Reporter: Edy Can | Editor: Hendra Gunawan
JAKARTA. Front Pembela Internet (FPI) bersama Asosiasi Penyelenggara Jasa Internet Indonesia (APJII) mendaftarkan gugatan uji materi Penerimaan Negara Bukan Pajak (PNBP) di sektor telekomunikasi ke Mahkamah Konstitusi (MK).

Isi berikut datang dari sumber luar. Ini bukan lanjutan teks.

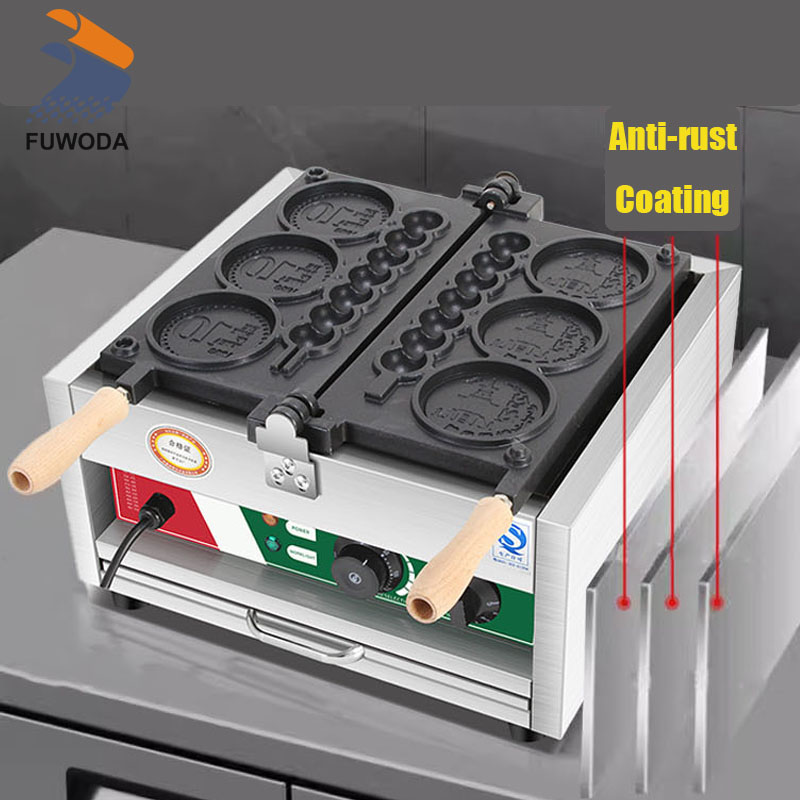 4-hole 110V/220V Non-stick Rou - đánh giá và giá Mini Waffle Maker Machine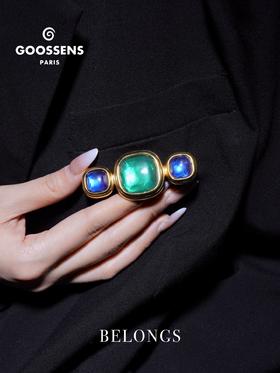 北京仓｜Goossens Paris-FLORA-花朵 胸针［法国设计师］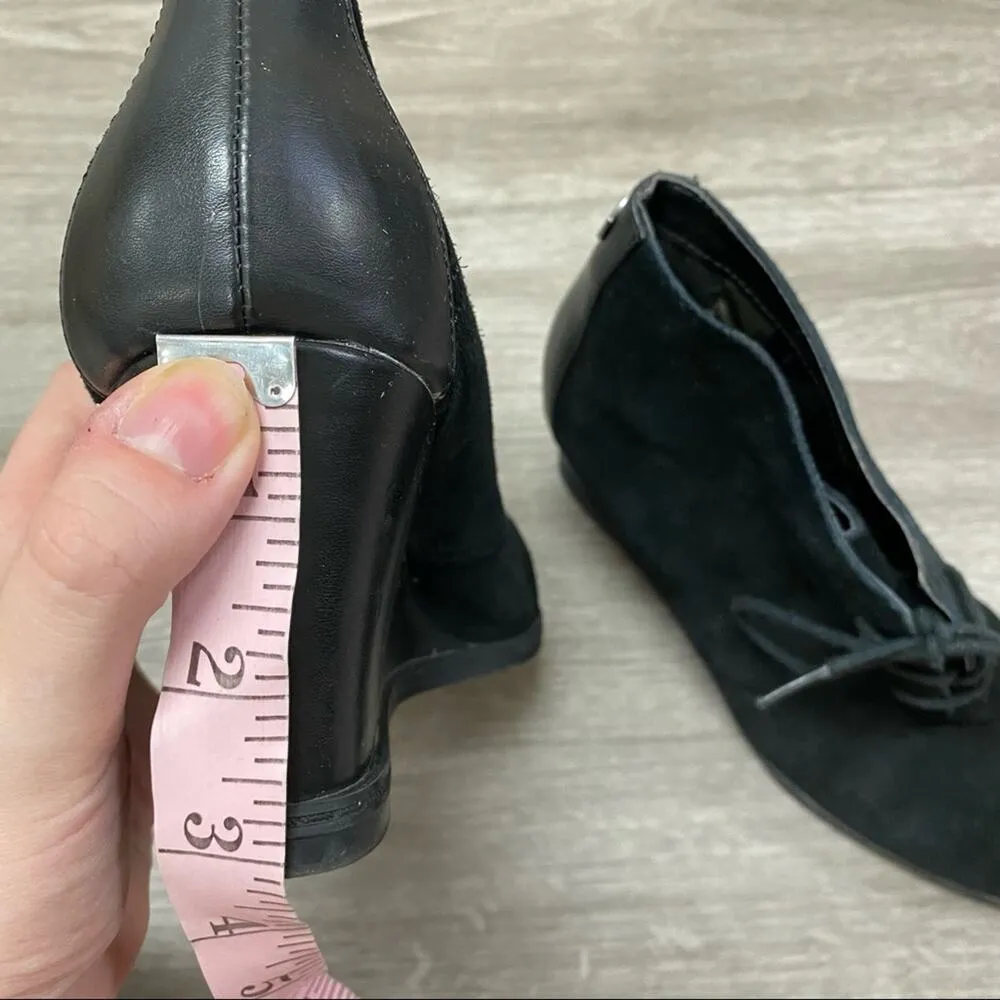 Etienne Aigner Camelot Zita Wedge Ankle Bootie 8 Black - Image 7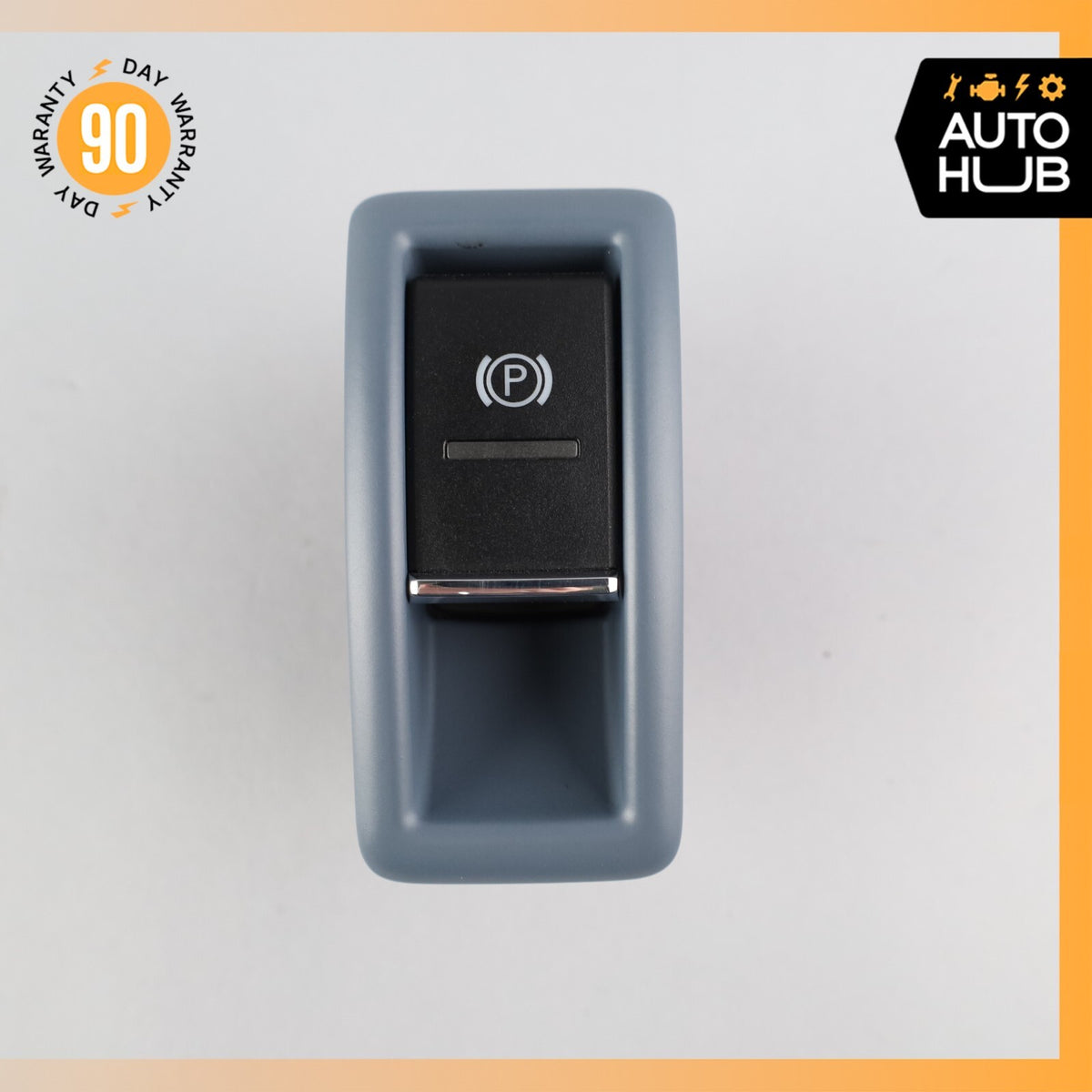 11-18 Porsche Cayenne 958 Turbo Electronic Parking Button Switch Blue OEM - photo 6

FPI dan APJII menilai ada dua UU dalam PNBP yang inkonstitusional dan dinilai melanggar hak berusaha dan hak mendapatkan informasi. Dua UU itu yakni Pasal 2 dan Pasal 3 Undang-undang Nomor 20 tahun 1997 tentang Penerimaan Negara Bukan Pajak (UU PNBP) dan Pasal 16 dan Pasal 26 Undang-undang Nomor 36 tahun 1999 tentang Telekomunikasi (UU Telekomunikasi).
Dengan adanya pasal-pasal tersebut membuat industri telekomunikasi dikenakan berbagai macam PNPB. Yakni, Biaya Hak Penyelenggaraan (BHP) frekuensi, Biaya Hak Penyelenggaraan (BHP) telekomunikasi, Biaya Hak Penyelenggaraan (BHP) jasa telekomunikasi, dan Biaya Hak Penyelenggaraan (BHP) konten.
Industri telekomunikasi, khususnya penyedia jasa internet, merasa dengan adanya berbagai BHP tersebut menjadi terbebani. Selain itu, rumusan tarif BHP jasa telekomunikasi juga dinilai tidak fair, karena dihitung 1% dari pendapatan kotor (revenue).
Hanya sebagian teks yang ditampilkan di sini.